Exercise: Using the records provided below, locate and copy each line that contains the word "Black".
-------------------------
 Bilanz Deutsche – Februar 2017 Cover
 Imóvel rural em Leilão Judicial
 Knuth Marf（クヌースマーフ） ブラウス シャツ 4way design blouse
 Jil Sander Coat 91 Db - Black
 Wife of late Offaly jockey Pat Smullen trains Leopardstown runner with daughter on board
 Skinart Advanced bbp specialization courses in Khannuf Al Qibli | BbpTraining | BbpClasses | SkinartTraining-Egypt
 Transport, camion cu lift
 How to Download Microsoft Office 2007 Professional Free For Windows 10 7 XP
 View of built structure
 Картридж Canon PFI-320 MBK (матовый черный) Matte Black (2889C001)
-------------------------
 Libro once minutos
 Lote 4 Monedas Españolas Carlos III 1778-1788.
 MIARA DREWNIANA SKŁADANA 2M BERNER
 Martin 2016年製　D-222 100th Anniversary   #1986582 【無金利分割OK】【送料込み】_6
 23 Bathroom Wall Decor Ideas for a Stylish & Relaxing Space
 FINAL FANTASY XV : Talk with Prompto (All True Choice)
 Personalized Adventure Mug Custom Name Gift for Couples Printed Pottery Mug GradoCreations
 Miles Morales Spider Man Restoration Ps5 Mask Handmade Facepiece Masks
-------------------------
Completed task:
 Jil Sander Coat 91 Db - Black
 Картридж Canon PFI-320 MBK (матовый черный) Matte Black (2889C001)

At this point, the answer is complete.